(Task data)
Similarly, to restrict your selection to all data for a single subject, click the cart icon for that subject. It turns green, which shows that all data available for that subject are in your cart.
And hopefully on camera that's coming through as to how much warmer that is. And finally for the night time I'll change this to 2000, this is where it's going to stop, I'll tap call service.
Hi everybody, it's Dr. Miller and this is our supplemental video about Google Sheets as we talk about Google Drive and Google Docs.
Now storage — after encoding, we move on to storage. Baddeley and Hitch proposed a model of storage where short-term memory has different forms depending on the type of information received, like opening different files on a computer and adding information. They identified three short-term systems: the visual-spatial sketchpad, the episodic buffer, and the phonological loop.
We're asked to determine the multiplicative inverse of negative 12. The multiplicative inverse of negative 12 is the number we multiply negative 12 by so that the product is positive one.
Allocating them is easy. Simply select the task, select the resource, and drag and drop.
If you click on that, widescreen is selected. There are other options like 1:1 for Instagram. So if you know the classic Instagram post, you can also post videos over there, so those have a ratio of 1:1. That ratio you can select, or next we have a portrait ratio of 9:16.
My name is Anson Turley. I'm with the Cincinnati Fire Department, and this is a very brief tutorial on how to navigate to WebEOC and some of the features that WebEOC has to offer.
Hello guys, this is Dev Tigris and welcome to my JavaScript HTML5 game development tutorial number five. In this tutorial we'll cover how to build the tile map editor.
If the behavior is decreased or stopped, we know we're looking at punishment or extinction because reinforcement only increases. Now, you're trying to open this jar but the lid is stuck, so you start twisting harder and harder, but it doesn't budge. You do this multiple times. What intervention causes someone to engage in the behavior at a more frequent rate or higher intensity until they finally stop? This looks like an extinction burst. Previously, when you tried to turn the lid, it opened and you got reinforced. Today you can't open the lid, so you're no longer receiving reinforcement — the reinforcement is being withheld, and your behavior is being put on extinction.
(End Task data)
**Problem requirements**.
The data above needs to be given again exactly, with no line left out.

**Finished exercise**.
Similarly, to restrict your selection to all data for a single subject, click the cart icon for that subject. It turns green, which shows that all data available for that subject are in your cart.
And hopefully on camera that's coming through as to how much warmer that is. And finally for the night time I'll change this to 2000, this is where it's going to stop, I'll tap call service.
Hi everybody, it's Dr. Miller and this is our supplemental video about Google Sheets as we talk about Google Drive and Google Docs.
Now storage — after encoding, we move on to storage. Baddeley and Hitch proposed a model of storage where short-term memory has different forms depending on the type of information received, like opening different files on a computer and adding information. They identified three short-term systems: the visual-spatial sketchpad, the episodic buffer, and the phonological loop.
We're asked to determine the multiplicative inverse of negative 12. The multiplicative inverse of negative 12 is the number we multiply negative 12 by so that the product is positive one.
Allocating them is easy. Simply select the task, select the resource, and drag and drop.
If you click on that, widescreen is selected. There are other options like 1:1 for Instagram. So if you know the classic Instagram post, you can also post videos over there, so those have a ratio of 1:1. That ratio you can select, or next we have a portrait ratio of 9:16.
My name is Anson Turley. I'm with the Cincinnati Fire Department, and this is a very brief tutorial on how to navigate to WebEOC and some of the features that WebEOC has to offer.
Hello guys, this is Dev Tigris and welcome to my JavaScript HTML5 game development tutorial number five. In this tutorial we'll cover how to build the tile map editor.
If the behavior is decreased or stopped, we know we're looking at punishment or extinction because reinforcement only increases. Now, you're trying to open this jar but the lid is stuck, so you start twisting harder and harder, but it doesn't budge. You do this multiple times. What intervention causes someone to engage in the behavior at a more frequent rate or higher intensity until they finally stop? This looks like an extinction burst. Previously, when you tried to turn the lid, it opened and you got reinforced. Today you can't open the lid, so you're no longer receiving reinforcement — the reinforcement is being withheld, and your behavior is being put on extinction.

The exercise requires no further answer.